Big Canopy Campout reaches for the sky at the Eden Project
A team of top scientists spent all night in tents suspended from the roof of the Eden Project's Rainforest Biome to help raise money for conservation in Borneo.
The group, who specialise in the science of the rainforest canopy, slept in the Biome in special illuminated hanging tents, known as portaledges, as part of The Big Canopy Campout.
The Big Canopy Campout saw climbers, adventurers and researchers camp in forests around the world on Saturday night to raise money for the charity World Land Trust to buy a piece of rainforest along the Kinabatangan River in North Borneo.
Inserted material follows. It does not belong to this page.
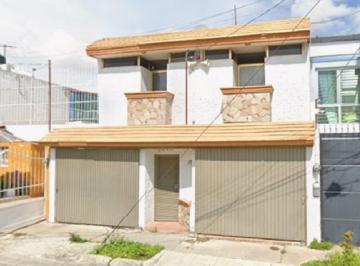 Casa de 4 habitaciones, Guadalajara · Casa en Venta en Jardines de La Cruz, Guadalajara, Jalisco.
The Eden campers included Dr John Pike, founder of The Big Canopy Campout, Ollie Laker, who was responsible for the rope rigging on the second series of the BBC TV series Planet Earth, and adventurer and Wanderlust magazine editor Phoebe Smith.
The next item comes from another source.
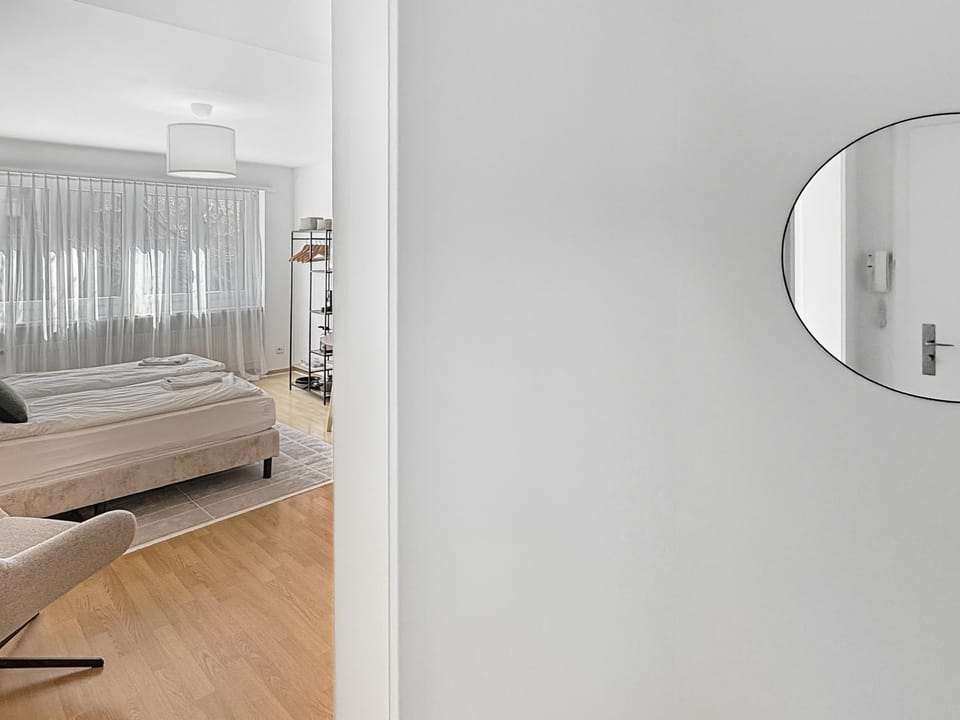 Facade/entrance, Bed, Photo of the whole room, Bedroom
John and Ollie, along with a colleague in Scotland, conceived and co-ordinated The Big Canopy Campout globally and were delighted to be able to co-ordinate it from high up in the Eden Rainforest on the night of the event.
They were joined by rainforest scientist Dr Farnon Ellwood of the University of the West of England, Bristol, and his team of PhD students, Julian Donald and Josie Phillips, who have worked with Eden horticulturists in Borneo.
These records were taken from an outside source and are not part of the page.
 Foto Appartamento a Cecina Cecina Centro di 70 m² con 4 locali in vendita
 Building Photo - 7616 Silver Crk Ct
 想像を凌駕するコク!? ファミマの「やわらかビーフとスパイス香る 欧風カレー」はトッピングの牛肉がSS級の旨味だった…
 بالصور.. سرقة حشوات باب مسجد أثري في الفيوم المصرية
Completing the team were canopy scientist Stephanie Law from the University of Liverpool, Nina Seale from the World Land Trust and Eden rope access technicians Jamie Robson who organised the event together with Craig Lewis and estates team member Dave Paul.
Other Eden staff members camped in tents and hammocks on the Biome walkways.
The London-based tree-tent company Tentsile supplied hammock tents in the lead-up to the event and Syd Howells from Tentsile took part in the camp.
Dr John Pike, who was a major player in the rope access and rigging for Planet Earth 1, said: "The Big Canopy Campout is about exciting, educating and inspiring people about rainforests so we thought Eden was the perfect place to come to coordinate this global event.
“Rainforests are under threat, partly because people aren’t able to experience them for themselves. The canopy environment is an amazing place and climbing in the canopy can change people’s lives, giving them a completely different view of what rainforests are and why they’re important."
The campers spent Saturday afternoon talking to Eden Project visitors about their work before their night in the canopy of the world’s biggest indoor rainforest.